(Data records)
-------
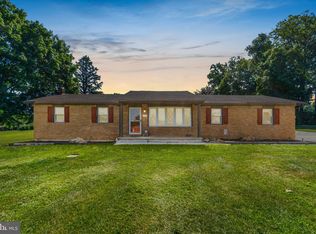 5003 Band Hall Hill Rd, Westminster, MD 21158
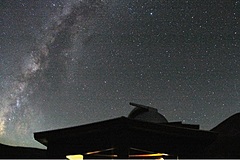 JR東日本、国立公園を楽しむ観光開発へ、第1弾は「福島・浄土平」で美食と星空を楽しむイベント開催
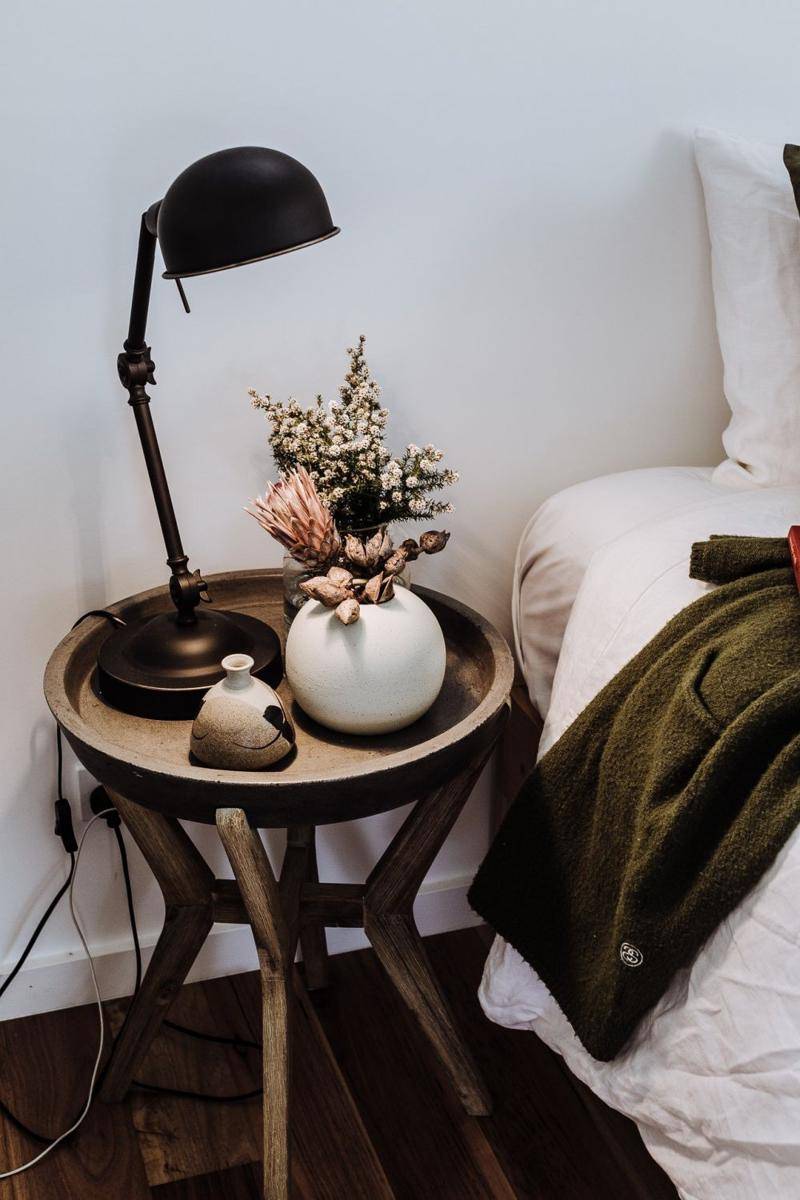 Ide tanaman kering. (pexels.com/Rachel Claire)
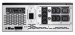 apc-smart-ups-x-2200va-rack-tower-lcd-200-240v-with-network-card-4u-1980w-2819815.jpg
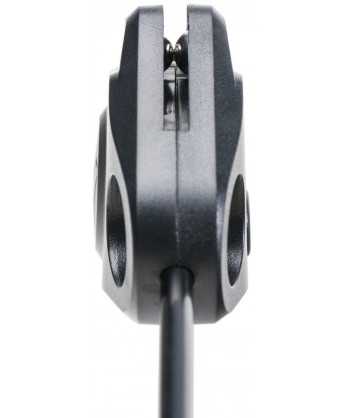 Swing arm MCX 88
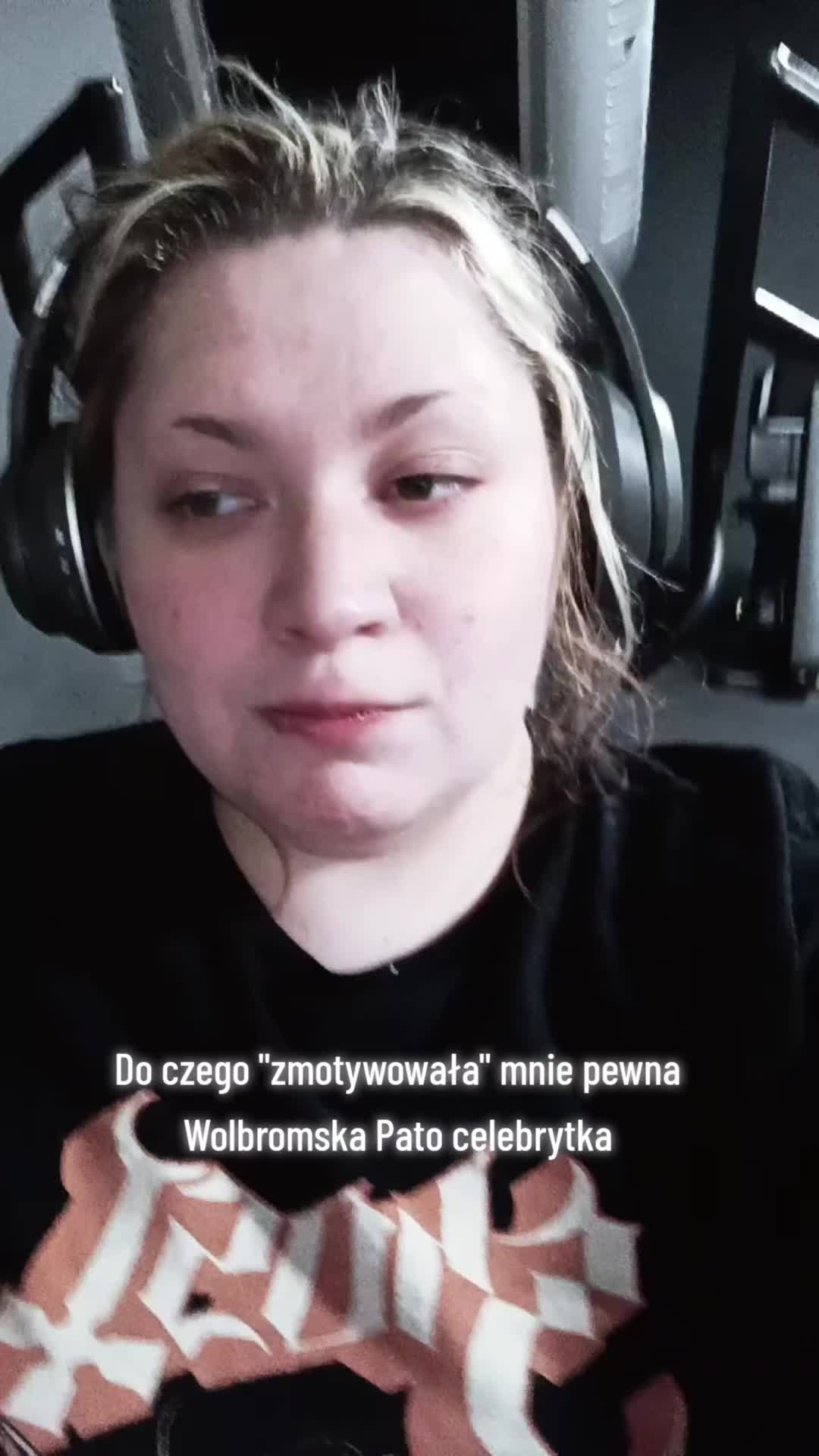 @Semerkheth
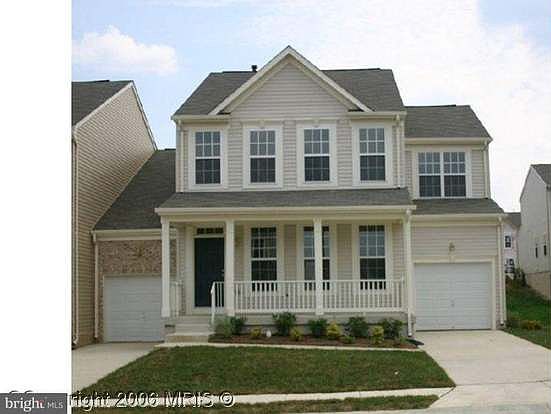 1st image of 189 Executive Cir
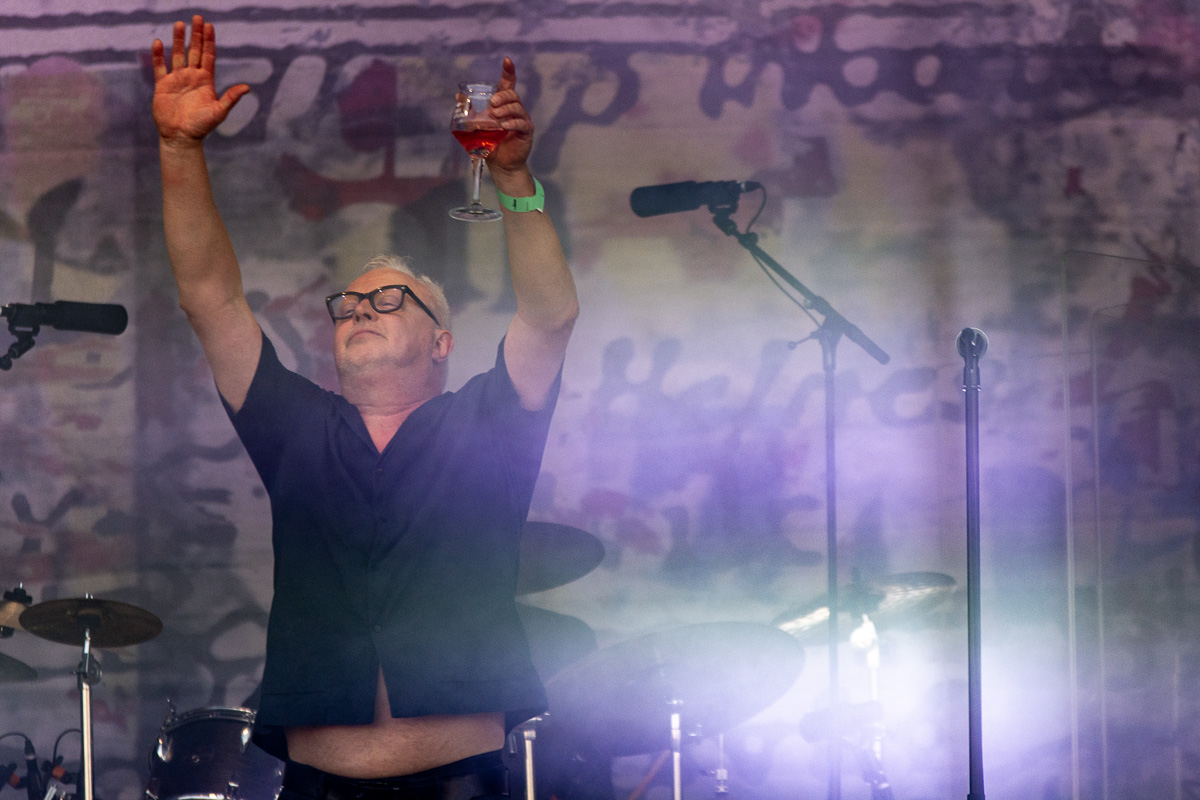 Noordkaap @ Rock Affligem, picture 20, photographed by Luc Klinckaert - FrontView Magazine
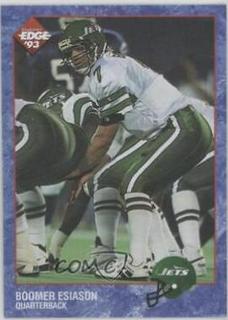 Boomer Esiason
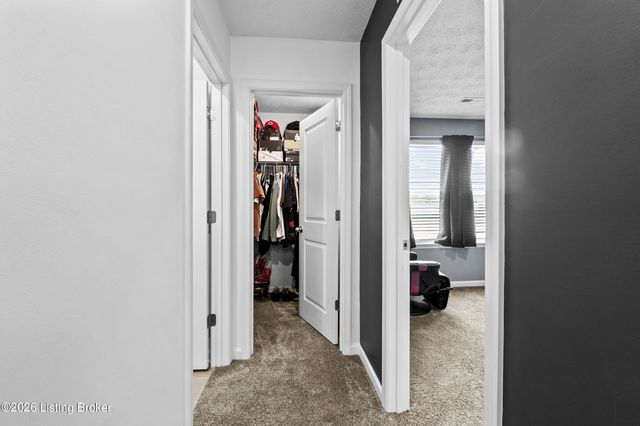 17019 Meander Way, Louisville, KY 40245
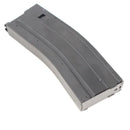 【中古即納】[MIL] S&T M16/M4 GBB用 50連マガジン(STMAG19)(20171231)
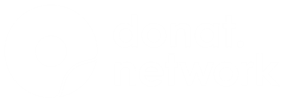 donat.network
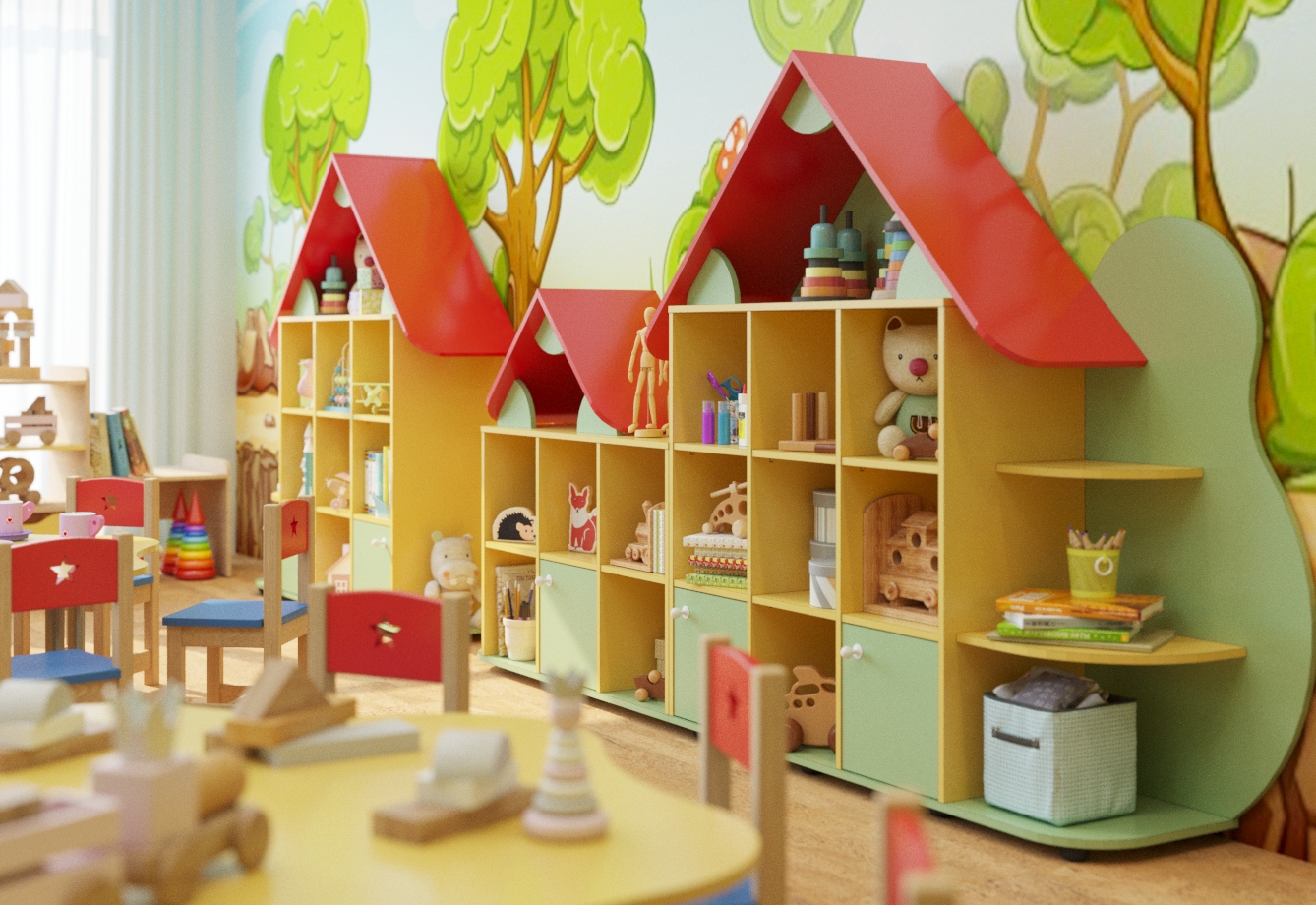 Сайт детской мебели для детских садов. Мебель для детского сада. Детская мебель для детского сада. Современная мебель для детского сада. Мебель для группы детского сада.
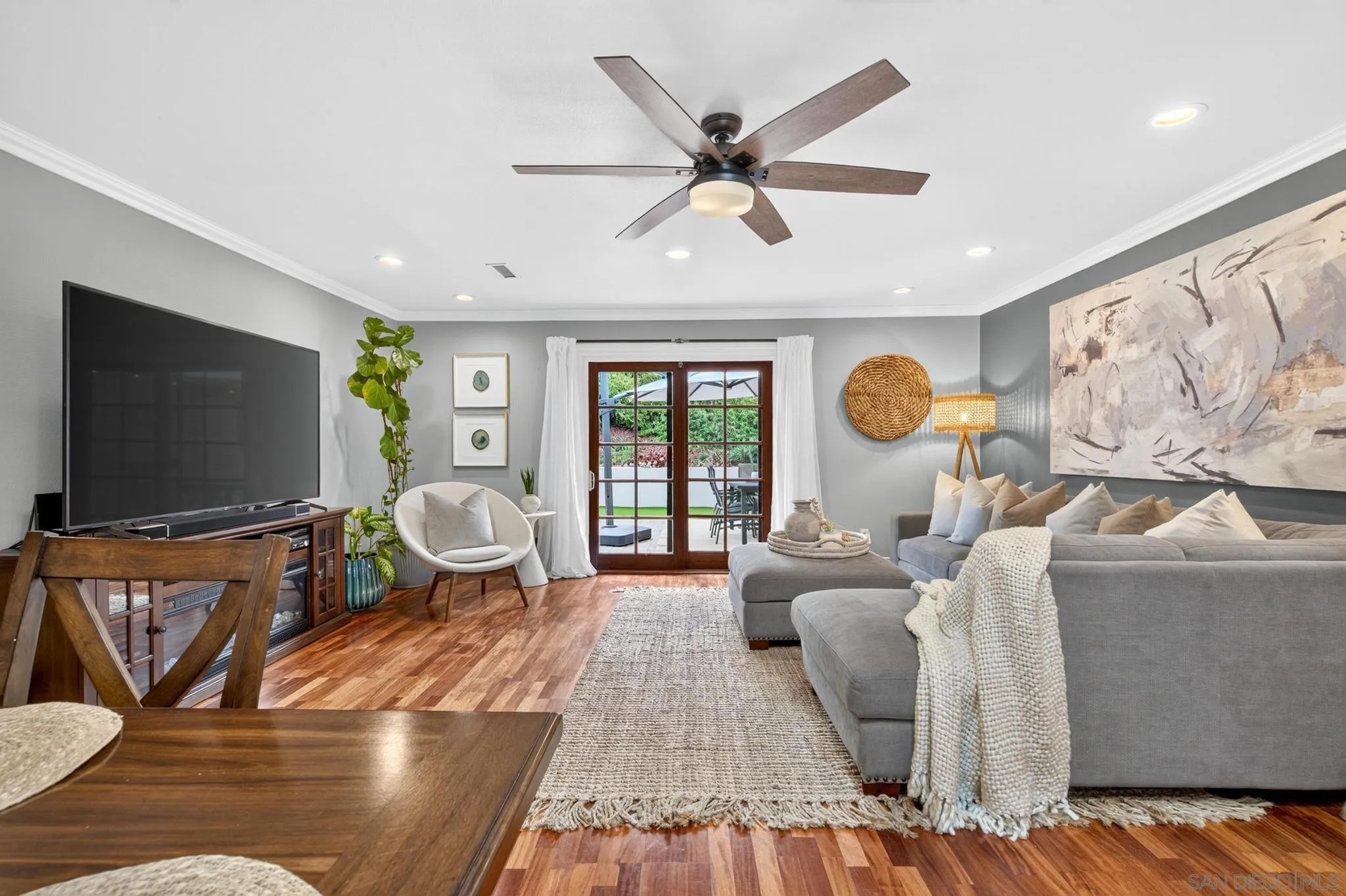 3623 Fireway Dr., San Diego, CA 92111 - Photo 5 of 56, San Diego, CA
-------
YOUR GOAL: Type out each line of the records above exactly, skipping any pictures.

COMPLETED TASK:
 5003 Band Hall Hill Rd, Westminster, MD 21158
 JR東日本、国立公園を楽しむ観光開発へ、第1弾は「福島・浄土平」で美食と星空を楽しむイベント開催
 Ide tanaman kering. (pexels.com/Rachel Claire)
 apc-smart-ups-x-2200va-rack-tower-lcd-200-240v-with-network-card-4u-1980w-2819815.jpg
 Swing arm MCX 88
 @Semerkheth
 1st image of 189 Executive Cir
 Noordkaap @ Rock Affligem, picture 20, photographed by Luc Klinckaert - FrontView Magazine
 Boomer Esiason
 17019 Meander Way, Louisville, KY 40245
 【中古即納】[MIL] S&T M16/M4 GBB用 50連マガジン(STMAG19)(20171231)
 donat.network
 Сайт детской мебели для детских садов. Мебель для детского сада. Детская мебель для детского сада. Современная мебель для детского сада. Мебель для группы детского сада.
 3623 Fireway Dr., San Diego, CA 92111 - Photo 5 of 56, San Diego, CA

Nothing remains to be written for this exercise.